String of dried red peppersby James Hubbard, M.D., M.P.H.

Around here it’s not unusual to see a string of dried peppers hanging on a wall for decoration. These people are preppers and probably don’t know it. Many would be surprised of the pain-relief power packed in each those little pods.

Capsaicin is the chemical that makes the pepper hot. It’s concentrated in that pepper placenta—the light-colored material that keeps the seeds stuck together. Diluted into a cream or spray, the capsaicin can do wonders for certain types of pain. In a disaster setting, when no other pain medicine is available, you could make your own. But be very careful. You’d need gloves, a mask, and airtight goggles. Undiluted capsaicin is beyond hot. More on recipes later.

When I have to give a painful shot, I often kid that at least it’ll take your mind off the pain you came in for. I know, lame on my part, but that’s actually the way I used to think the capsaicin worked. It masked the underlying problem.
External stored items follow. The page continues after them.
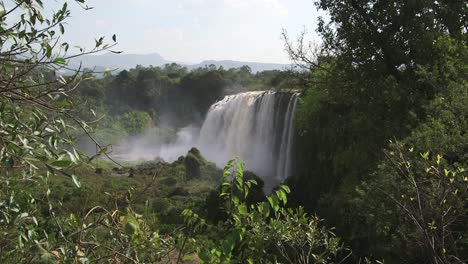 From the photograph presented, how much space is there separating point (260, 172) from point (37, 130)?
25228mm

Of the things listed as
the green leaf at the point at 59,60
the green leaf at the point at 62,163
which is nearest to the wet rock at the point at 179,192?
the green leaf at the point at 59,60

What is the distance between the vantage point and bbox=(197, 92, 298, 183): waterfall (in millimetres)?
23922

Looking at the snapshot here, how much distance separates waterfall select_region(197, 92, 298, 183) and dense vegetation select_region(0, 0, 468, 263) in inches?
74.8

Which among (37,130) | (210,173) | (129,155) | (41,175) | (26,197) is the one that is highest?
(37,130)

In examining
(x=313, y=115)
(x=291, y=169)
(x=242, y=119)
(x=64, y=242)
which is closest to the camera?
(x=64, y=242)

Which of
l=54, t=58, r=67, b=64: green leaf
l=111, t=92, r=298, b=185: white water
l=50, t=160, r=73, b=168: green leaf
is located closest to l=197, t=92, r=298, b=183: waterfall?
l=111, t=92, r=298, b=185: white water

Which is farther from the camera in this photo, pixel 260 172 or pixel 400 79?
pixel 260 172

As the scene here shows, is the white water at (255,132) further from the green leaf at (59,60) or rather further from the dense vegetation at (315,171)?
the green leaf at (59,60)

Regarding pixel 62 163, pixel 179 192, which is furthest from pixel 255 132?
pixel 62 163

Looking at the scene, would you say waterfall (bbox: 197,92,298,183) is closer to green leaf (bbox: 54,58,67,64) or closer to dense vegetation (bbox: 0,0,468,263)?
dense vegetation (bbox: 0,0,468,263)

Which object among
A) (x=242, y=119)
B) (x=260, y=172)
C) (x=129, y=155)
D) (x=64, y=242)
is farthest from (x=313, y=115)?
(x=129, y=155)

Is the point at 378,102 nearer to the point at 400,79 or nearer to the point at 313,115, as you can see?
the point at 400,79

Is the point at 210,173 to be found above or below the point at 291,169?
below

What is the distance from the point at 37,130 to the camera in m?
2.35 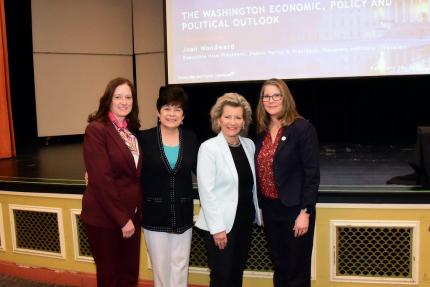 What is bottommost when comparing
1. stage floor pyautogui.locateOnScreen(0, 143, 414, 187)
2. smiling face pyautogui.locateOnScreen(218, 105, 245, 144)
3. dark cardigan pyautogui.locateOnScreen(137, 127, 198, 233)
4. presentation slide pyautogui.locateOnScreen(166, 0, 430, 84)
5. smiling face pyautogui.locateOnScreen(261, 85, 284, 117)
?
stage floor pyautogui.locateOnScreen(0, 143, 414, 187)

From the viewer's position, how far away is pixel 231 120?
75.3 inches

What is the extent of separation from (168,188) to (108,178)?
287 millimetres

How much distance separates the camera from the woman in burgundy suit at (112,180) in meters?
1.85

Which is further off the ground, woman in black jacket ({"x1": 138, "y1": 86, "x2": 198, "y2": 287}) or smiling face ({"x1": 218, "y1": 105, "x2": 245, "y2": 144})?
smiling face ({"x1": 218, "y1": 105, "x2": 245, "y2": 144})

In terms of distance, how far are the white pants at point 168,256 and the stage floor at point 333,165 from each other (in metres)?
1.12

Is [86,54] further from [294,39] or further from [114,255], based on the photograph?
[114,255]

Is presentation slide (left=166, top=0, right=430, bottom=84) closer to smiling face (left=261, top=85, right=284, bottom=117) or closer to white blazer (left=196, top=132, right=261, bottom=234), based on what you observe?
smiling face (left=261, top=85, right=284, bottom=117)

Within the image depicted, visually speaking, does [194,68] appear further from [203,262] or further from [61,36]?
[203,262]

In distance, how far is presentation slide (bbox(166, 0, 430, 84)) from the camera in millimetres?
4473

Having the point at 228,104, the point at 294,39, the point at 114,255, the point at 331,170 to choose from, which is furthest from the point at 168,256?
the point at 294,39

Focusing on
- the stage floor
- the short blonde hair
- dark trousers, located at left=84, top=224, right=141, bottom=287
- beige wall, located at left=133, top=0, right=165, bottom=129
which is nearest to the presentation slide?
the stage floor

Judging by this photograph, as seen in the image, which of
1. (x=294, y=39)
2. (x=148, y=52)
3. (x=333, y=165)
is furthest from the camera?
(x=148, y=52)

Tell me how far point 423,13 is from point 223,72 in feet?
7.46

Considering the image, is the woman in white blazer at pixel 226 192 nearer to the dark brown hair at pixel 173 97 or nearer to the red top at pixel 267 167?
the red top at pixel 267 167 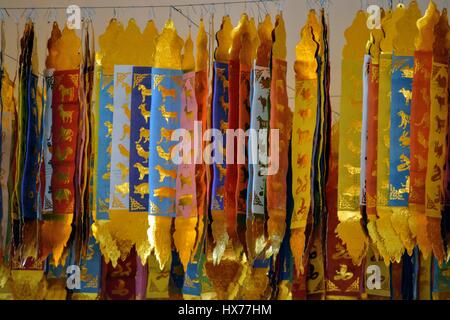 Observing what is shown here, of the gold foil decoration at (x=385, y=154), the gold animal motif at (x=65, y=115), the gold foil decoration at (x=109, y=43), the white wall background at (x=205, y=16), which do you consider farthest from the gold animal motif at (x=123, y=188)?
the gold foil decoration at (x=385, y=154)

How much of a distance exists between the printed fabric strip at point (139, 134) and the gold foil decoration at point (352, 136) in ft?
2.51

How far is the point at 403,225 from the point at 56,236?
1.35 m

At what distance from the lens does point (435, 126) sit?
2.80m

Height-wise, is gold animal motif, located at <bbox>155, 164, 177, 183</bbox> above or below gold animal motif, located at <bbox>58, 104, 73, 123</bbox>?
below

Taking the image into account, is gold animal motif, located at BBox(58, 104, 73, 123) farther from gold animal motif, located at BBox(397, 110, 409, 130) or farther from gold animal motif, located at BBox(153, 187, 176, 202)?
gold animal motif, located at BBox(397, 110, 409, 130)

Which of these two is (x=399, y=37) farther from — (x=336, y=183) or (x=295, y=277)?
(x=295, y=277)

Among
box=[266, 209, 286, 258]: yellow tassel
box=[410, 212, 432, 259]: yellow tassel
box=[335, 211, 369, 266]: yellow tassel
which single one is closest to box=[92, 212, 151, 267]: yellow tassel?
box=[266, 209, 286, 258]: yellow tassel

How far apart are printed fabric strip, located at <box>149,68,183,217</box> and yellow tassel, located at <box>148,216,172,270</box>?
0.09 feet

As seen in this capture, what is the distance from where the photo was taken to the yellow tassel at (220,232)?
2.95 metres

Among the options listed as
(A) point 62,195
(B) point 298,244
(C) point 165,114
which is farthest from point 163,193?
(B) point 298,244

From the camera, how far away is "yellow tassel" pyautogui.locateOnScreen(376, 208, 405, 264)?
112 inches

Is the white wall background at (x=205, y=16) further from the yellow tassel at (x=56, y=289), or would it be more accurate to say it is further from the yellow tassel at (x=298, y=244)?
the yellow tassel at (x=56, y=289)

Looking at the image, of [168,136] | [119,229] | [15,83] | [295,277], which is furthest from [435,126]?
[15,83]

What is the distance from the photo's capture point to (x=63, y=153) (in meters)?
3.03
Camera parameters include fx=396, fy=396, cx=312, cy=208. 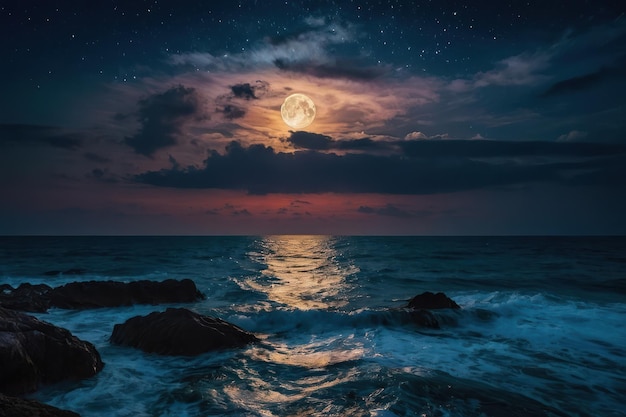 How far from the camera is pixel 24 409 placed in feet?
15.6

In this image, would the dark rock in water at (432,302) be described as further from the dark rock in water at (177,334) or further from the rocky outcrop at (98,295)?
the rocky outcrop at (98,295)

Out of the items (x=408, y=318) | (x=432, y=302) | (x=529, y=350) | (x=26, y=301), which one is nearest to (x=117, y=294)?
(x=26, y=301)

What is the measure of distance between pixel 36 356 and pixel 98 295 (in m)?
12.3

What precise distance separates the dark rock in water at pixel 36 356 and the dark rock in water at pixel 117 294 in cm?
Answer: 1056

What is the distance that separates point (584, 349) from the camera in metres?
12.6

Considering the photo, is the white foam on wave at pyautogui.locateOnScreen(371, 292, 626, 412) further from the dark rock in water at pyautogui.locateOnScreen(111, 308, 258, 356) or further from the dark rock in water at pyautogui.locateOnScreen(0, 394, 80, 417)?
the dark rock in water at pyautogui.locateOnScreen(0, 394, 80, 417)

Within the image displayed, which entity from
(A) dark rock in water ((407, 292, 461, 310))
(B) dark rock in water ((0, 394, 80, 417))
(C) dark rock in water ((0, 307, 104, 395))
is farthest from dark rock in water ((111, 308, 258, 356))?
(A) dark rock in water ((407, 292, 461, 310))

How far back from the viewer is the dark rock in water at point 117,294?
61.4 ft

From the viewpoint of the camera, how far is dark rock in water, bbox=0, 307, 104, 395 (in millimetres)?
7340

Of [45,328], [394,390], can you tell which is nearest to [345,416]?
[394,390]

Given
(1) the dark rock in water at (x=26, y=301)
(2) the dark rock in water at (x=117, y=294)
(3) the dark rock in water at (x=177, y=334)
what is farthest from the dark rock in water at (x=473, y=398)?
(1) the dark rock in water at (x=26, y=301)

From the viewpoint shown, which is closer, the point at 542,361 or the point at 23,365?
the point at 23,365

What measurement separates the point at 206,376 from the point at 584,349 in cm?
1164

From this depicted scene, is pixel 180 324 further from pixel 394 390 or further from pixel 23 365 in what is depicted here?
pixel 394 390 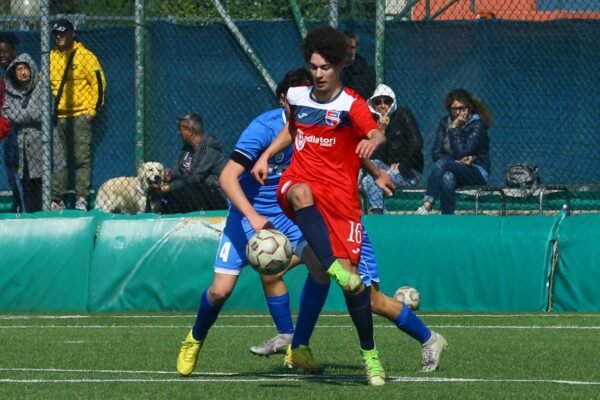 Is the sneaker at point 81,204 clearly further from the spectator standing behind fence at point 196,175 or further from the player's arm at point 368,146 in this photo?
the player's arm at point 368,146

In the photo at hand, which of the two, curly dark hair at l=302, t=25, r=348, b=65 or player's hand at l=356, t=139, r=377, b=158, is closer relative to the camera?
player's hand at l=356, t=139, r=377, b=158

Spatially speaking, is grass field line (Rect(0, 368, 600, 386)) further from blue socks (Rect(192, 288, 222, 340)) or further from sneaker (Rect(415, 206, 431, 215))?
sneaker (Rect(415, 206, 431, 215))

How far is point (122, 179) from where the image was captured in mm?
15680

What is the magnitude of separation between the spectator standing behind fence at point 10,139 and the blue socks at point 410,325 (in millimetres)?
8204


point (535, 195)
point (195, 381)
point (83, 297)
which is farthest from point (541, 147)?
point (195, 381)

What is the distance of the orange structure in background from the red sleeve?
7.94 metres

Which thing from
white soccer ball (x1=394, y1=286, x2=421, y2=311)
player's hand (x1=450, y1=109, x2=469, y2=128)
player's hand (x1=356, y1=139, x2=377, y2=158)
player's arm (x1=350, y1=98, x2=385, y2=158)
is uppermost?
player's arm (x1=350, y1=98, x2=385, y2=158)

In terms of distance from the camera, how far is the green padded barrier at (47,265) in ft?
47.0

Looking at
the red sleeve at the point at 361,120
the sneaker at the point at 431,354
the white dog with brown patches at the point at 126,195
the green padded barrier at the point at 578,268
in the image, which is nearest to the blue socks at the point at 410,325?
the sneaker at the point at 431,354

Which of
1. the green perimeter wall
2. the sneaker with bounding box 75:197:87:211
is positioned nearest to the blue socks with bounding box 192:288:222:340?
the green perimeter wall

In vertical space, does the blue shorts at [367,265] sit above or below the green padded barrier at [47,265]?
above

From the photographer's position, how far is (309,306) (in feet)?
27.8

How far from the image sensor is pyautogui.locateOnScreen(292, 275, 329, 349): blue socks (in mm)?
8422

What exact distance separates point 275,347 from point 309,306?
1.01 m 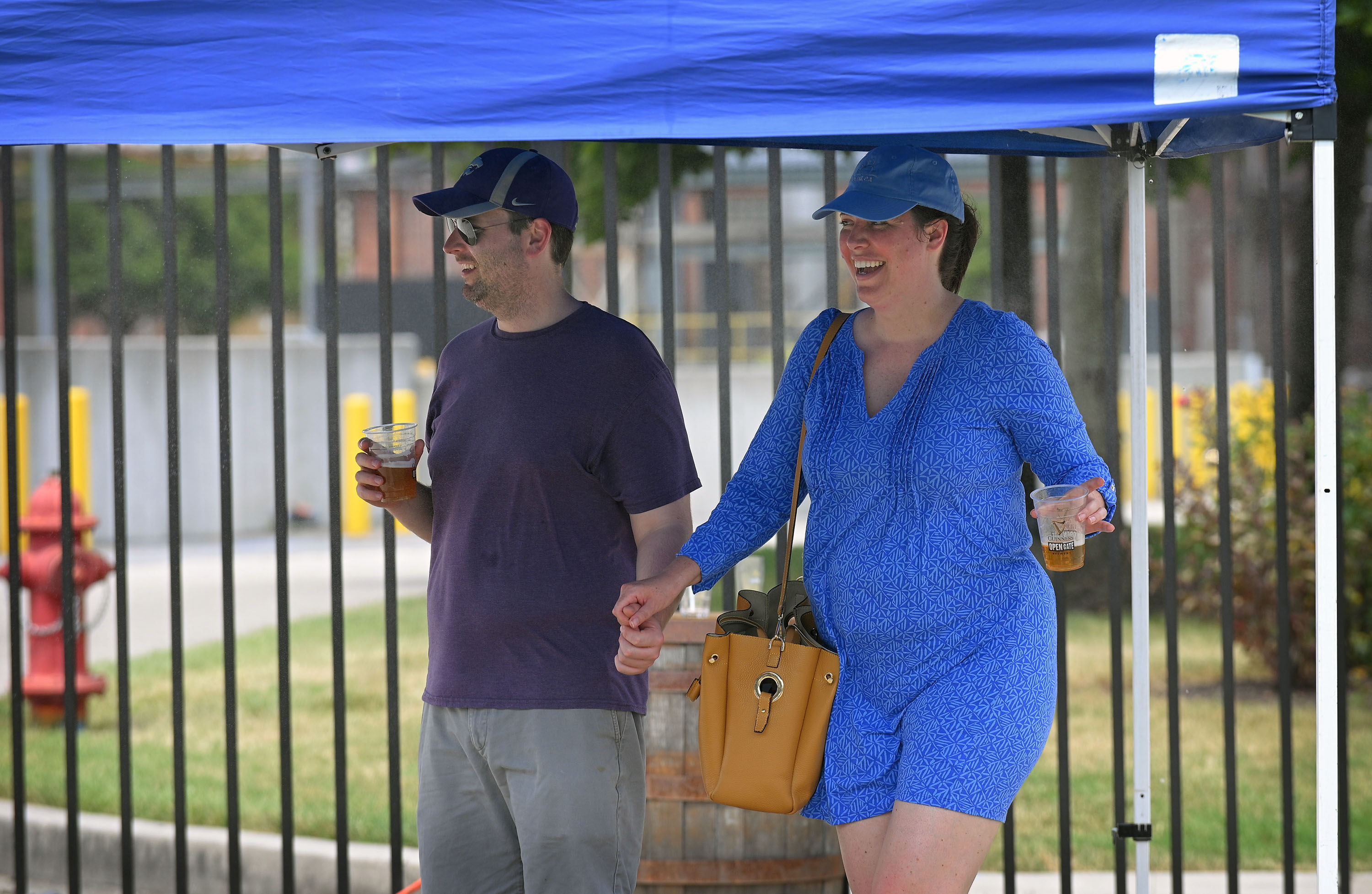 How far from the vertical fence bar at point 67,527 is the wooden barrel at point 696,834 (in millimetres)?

Now I know it works in far more wondrous ways than that.

How Capsaicin Fights Pain

I don’t have to tell you that if you rub a hot pepper on the skin, it burns. The capsaicin in the pepper triggers the release of chemicals along nerves that relay pain signals back to the brain. So far, pretty obvious. But what’s different about the capsaicin is it gets those chemicals to fire so much and so often that the chemical becomes depleted. No chemical, no pain.

So the first two things you should know about using capsaicin are:

  1. It’s going to really burn the first few times you put it on.
  2. It takes a day or two, sometimes more, before it depletes the chemical and begins to relieve your underlying pain.

Capsaicin’s Best Pain Targets

Even if you do have access to oral medicine, capsaicin may be worth the effort for what it works on the best, nerve pain and cluster headaches. These pains usually don’t respond well to the normal array of over-the-counter pain relievers.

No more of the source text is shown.